Irin, l’agenzia stampa umanitaria dell’Onu, spiega che «Queste violenze si inscrivono nel quadro di una serie di rappresaglie che sono cominciate durante gli scontri tra i Borana ed i Gabra, che il 15 luglio hanno fatto una vittima e tre feriti». Stephen Bonaya, coordinatore della Kenya Red Cross Society  (Krcs) a Moyale, sottolinea che «Più di 38.000 persone, cioè 6.381 famiglie, sono state obbligate ad abbandonare il loro domicilio.  Una maggioranza degli sfollati ha oltrepassato la frontiera con l’Etiopia, mentre altri si sono installati presso dei parenti a Moyale e nelle contee di Marsabit e di  Wajir. Un buon numero di bambini, donne ed uomini sono ancora separati dalle loro famiglie, altre persone sono scomparse. Un team aiuta delle famiglie a ritrovare I loro parenti dei quali hanno perso le trace ed a riunirli. Per il momento, sono state riunite 60 famiglie. Le famiglie sfollate hanno bisogno urgente, tra le altre cose,  di aiuto alimentare, di riparo, di medicinali, di utensili da cucina, di vestiti e di zanzariere».

Intanto l’interruzione dei trasporti di merci sta causando una fiammata dei prezzi alimentari in tutto il distretto di Moyale. I camion degli autotrasportatori sono fermi per paura degli attacchi delle milizie tribali e i prezzi per il trasporto del bestiame, vera “ricchezza” della regione, sono raddoppiati, rendendo impossibile portare gli animali al mercato.

Le comunità della regione, che vivono a cavallo del confine tra Kenya ed Etiopia, lottano da sempre per le risorse per loro più preziose: i pascoli e l’acqua per il bestiame, ma le ricerche svolte dall’università di Tufts e dalla Krsc dimostrano che recentemente si è passati dagli scontri alle violenze mortali e che «Le comunità ed i loro leader cercano ormai di prendere il controllo di quelle risorse sul terreno politico».
Isaiah Nakoru, il commissario della contea di Marsabit, ha detto all’Irin che «Il governo ha ormai il pieno controllo. Le milizie delle comunità in conflitto sono state eradicate dalla polizia e dall’esercito. Alcuni hanno preso la fuga ed hanno attraversato la frontiera. Abbiamo arrestato 8 etiopi e 2 keniani; nessuno resterà impunito…  I rappresentanti politici che hanno delle responsabilità non verranno risparmiati». Ma Nakoru aggiunge un particolare inquietante: «Le inchieste preliminari hanno dimostrato che delle milizie straniere armate di mortai e bombe hanno partecipato ai combattimenti».

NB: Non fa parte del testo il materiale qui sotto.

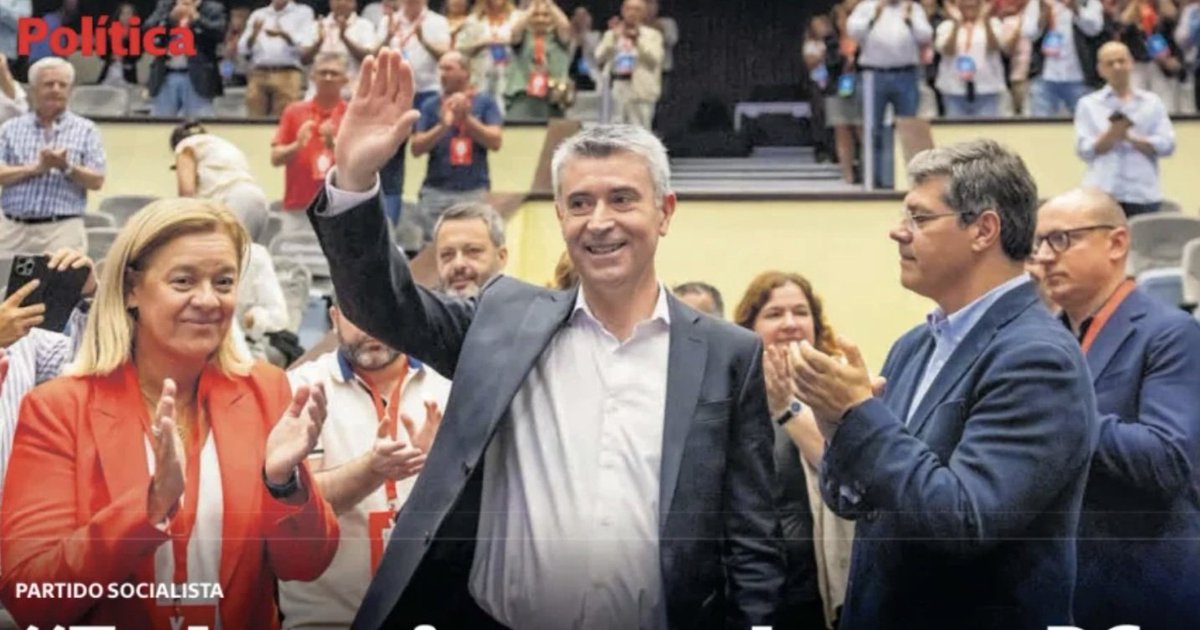 manueloureiro2's tweet photo. Tenho andado a reparar que os dirigentes do PS andam todos com aspeto de quem tem tomado banho. Será que nenhum deles vive em Almada? https://t.co/AwDH9n4SJN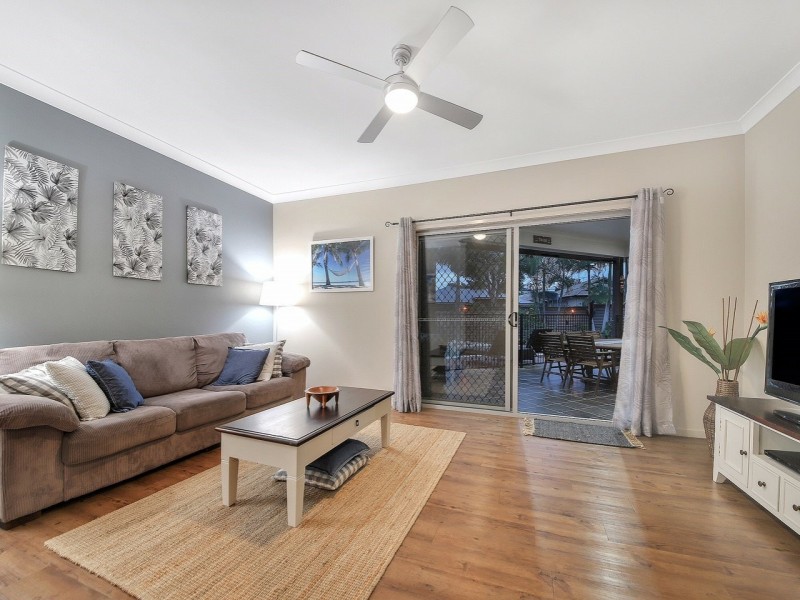 5 Aquila Street, Redland Bay QLD 4165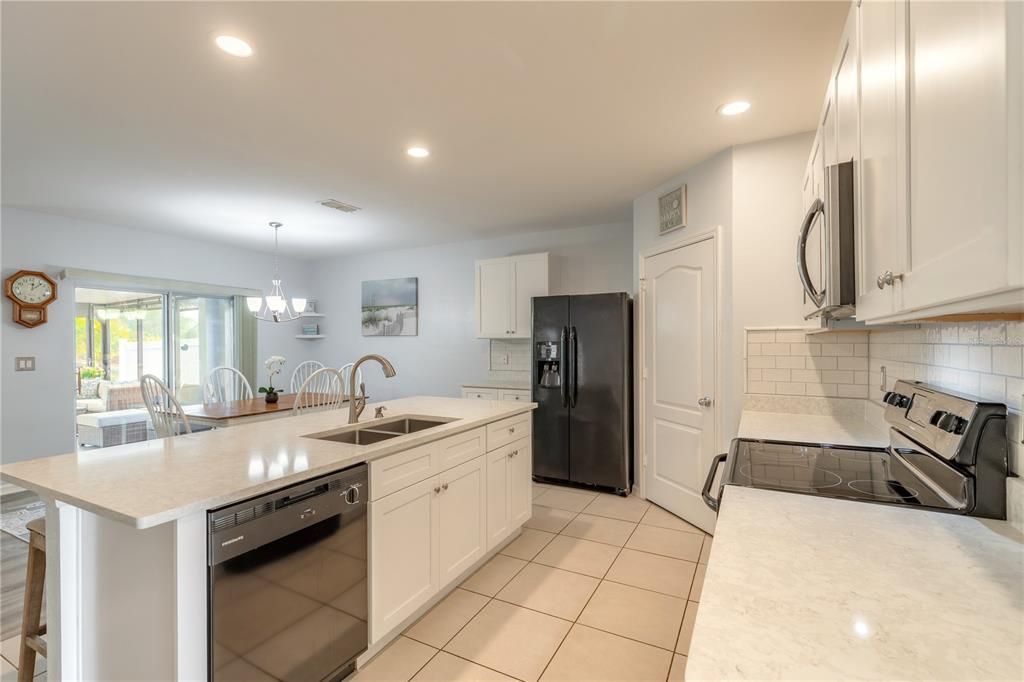 Activo con contrato: $379,000 (4 camas, 2 baños, 1850 Pies cuadrados)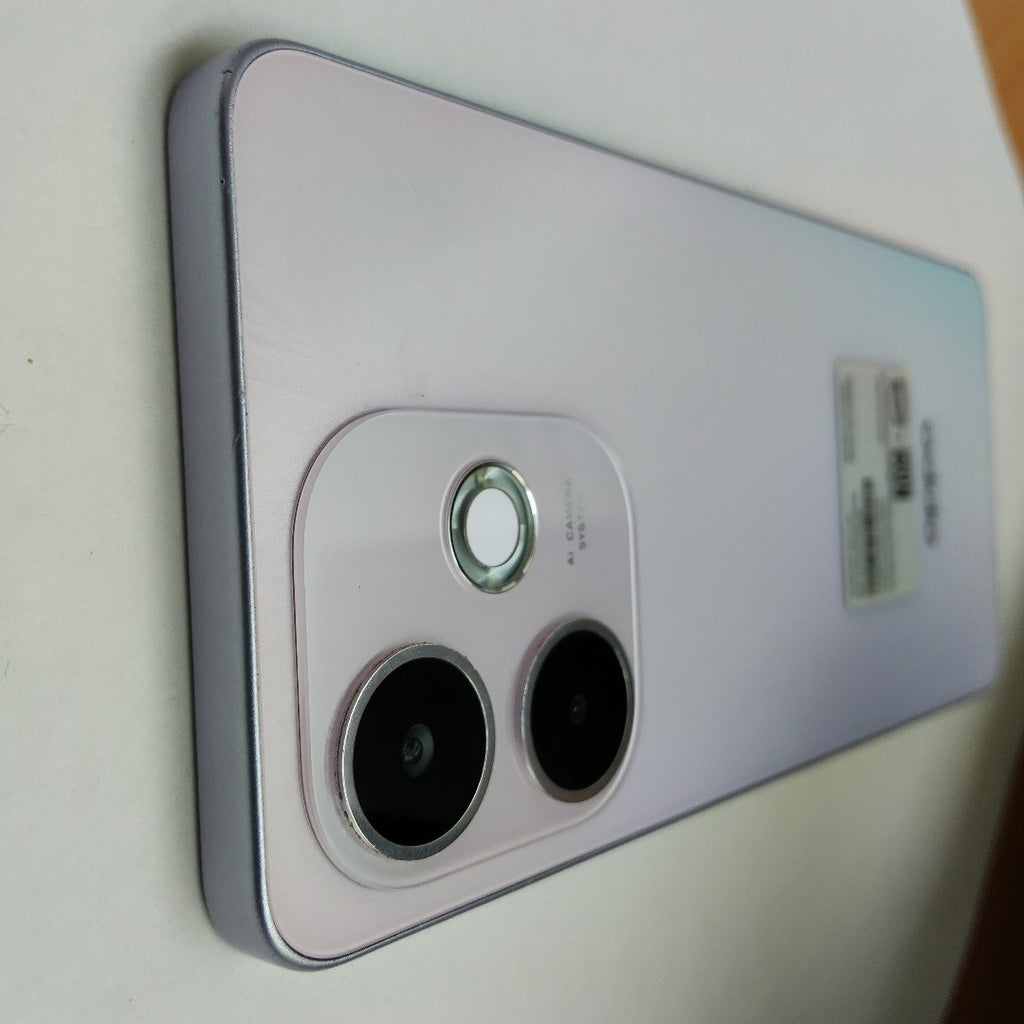 CELULAR OPPO A5 PRO 5G CPH2695 (2025) 256 GB 8 GB RAM (SEMINUEVO)
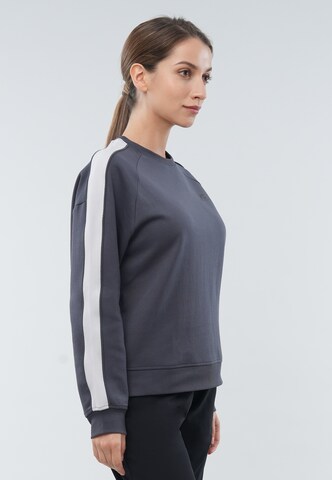 GIORDANO Sweatshirt in Grey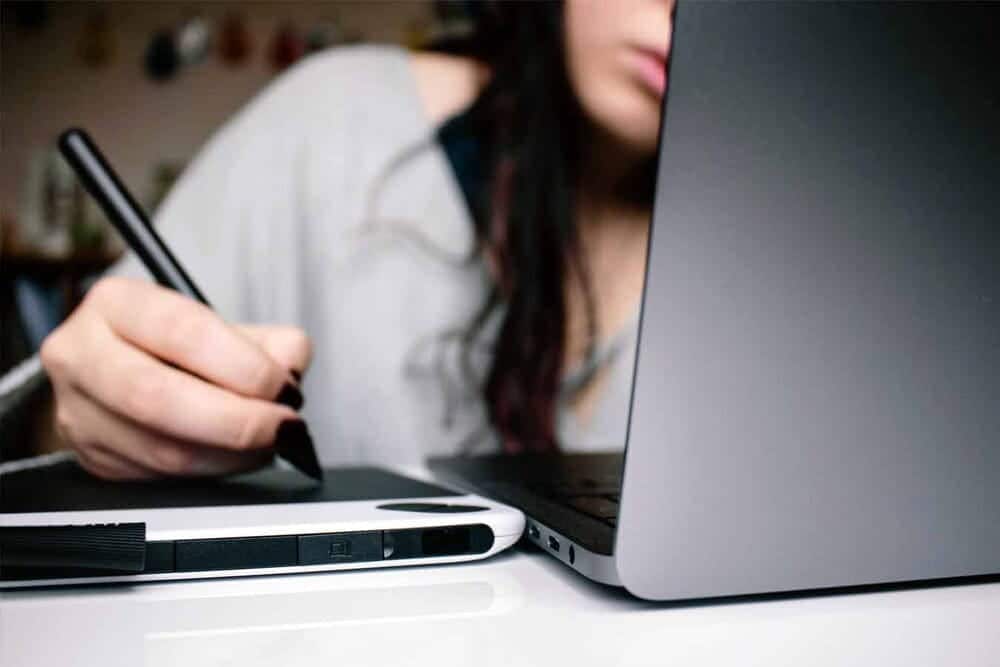 Obraz pokazujący, jak używać telefonu jako tabletu graficznego do komputera | najlepsze_tanie_tablety_graficzne-i7mPOags-DzTechs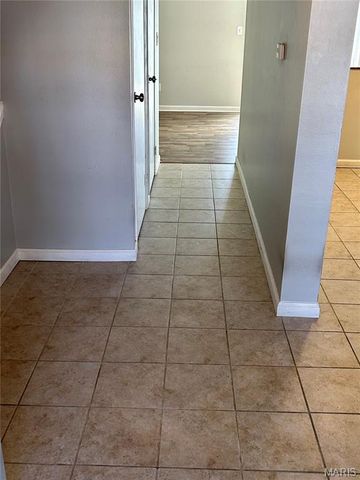 217 Carmel Woods Drive, Ellisville, MO 63021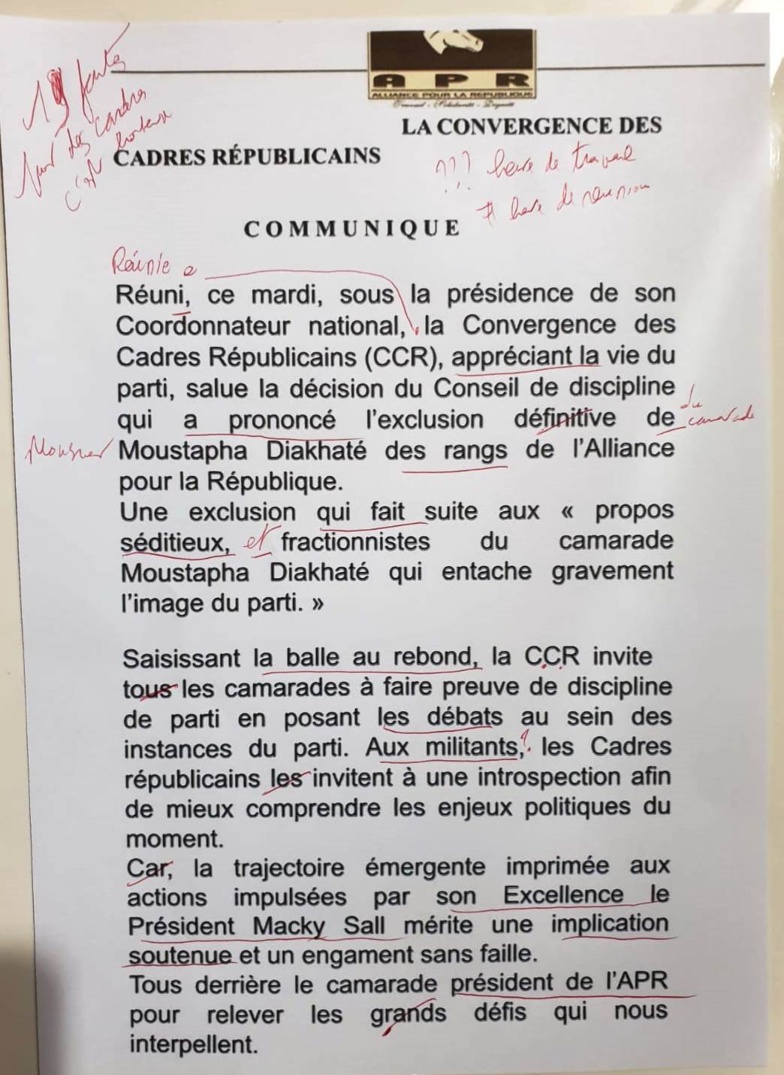 Les internautes se moquent du communiqué de l'APR Les internautes se moquent du communiqué de l'APR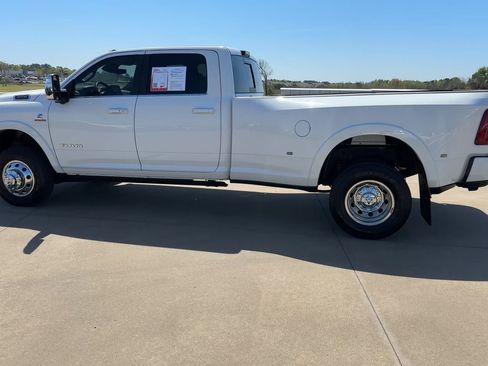 Used 2025 RAM 3500 Longhorn image 6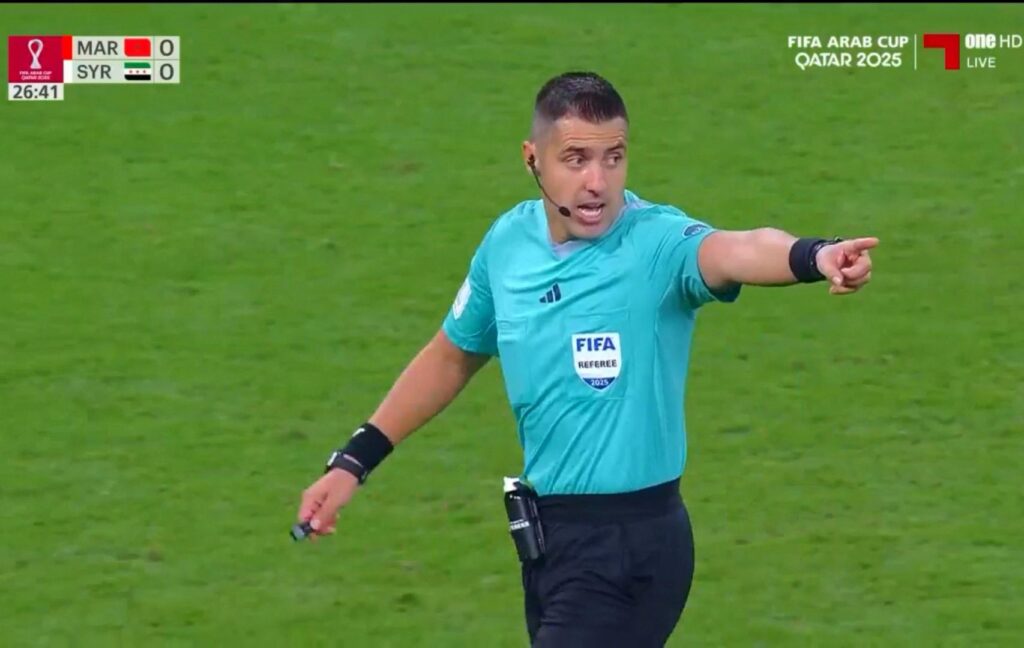 لا بد من الإشادة بأداء الحكم التشيلي، حيث تميز بإدارة المباراة القمة بكفاءة عالية ومهنية استثنائية.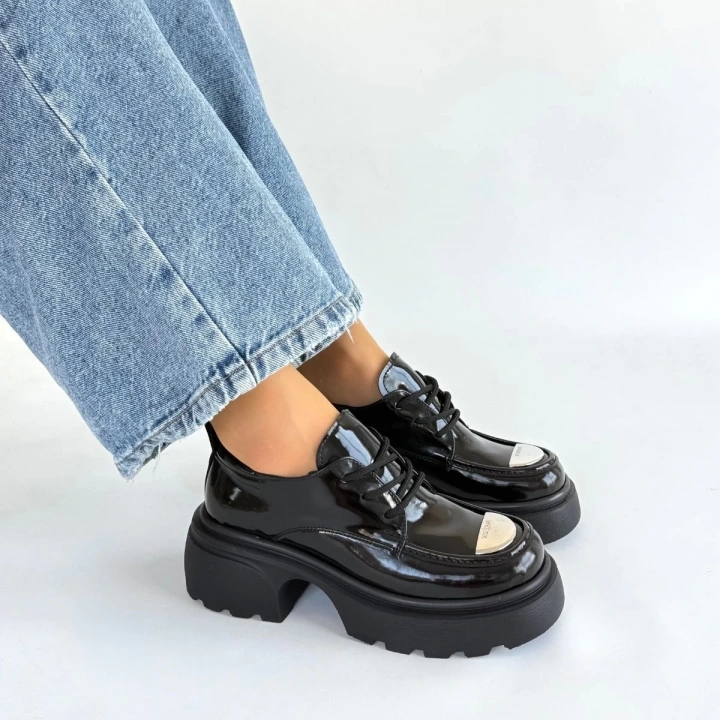 Kiya Siyah Rugan Dolgu Topuk Oxford Ayakkabı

Quindi i keniani accusano gli etiopi di essersi infiltrati nel loro territorio per dar man forte alle milizie tribali che moltiplicano i loro attacchi da quando in Etiopia è iniziata la costruzione di grandi dighe idroelettriche che stanno diminuendo la portata dei fiumi che vanno a finire in Kenya nell’arida regione del lago Turkana.

Secondo i profughi però non è vero che è tutto sotto controllo, invece le violenze continueranno se il governo centrale di Nairobi non affronta le cause profonde del conflitto per i pascoli e l’acqua, coinvolgendo le comunità in guerra ed i loro leader. Come ha detto all’Irin un abitante di Moyale, «Si tratta di un problema politico. Né l’esercito, né la polizia del Kenya possono gestire questo conflitto o mettervi fine. Bisogna fermare i rappresentanti politici, coinvolgere le comunità nel processo politico e condividere equamente le risorse».

L’ex presidente dell’Assemblea nazionale del Kenya, Francis Ole Kaparo, ha detto che «Bisogna trovare una soluzione pacifica al conflitto. Queste comunità devono mettere fine ai conflitti evitando bagni di sangue e condividendo le risorse, oppure perderanno tutti i benefici che danno per scontati».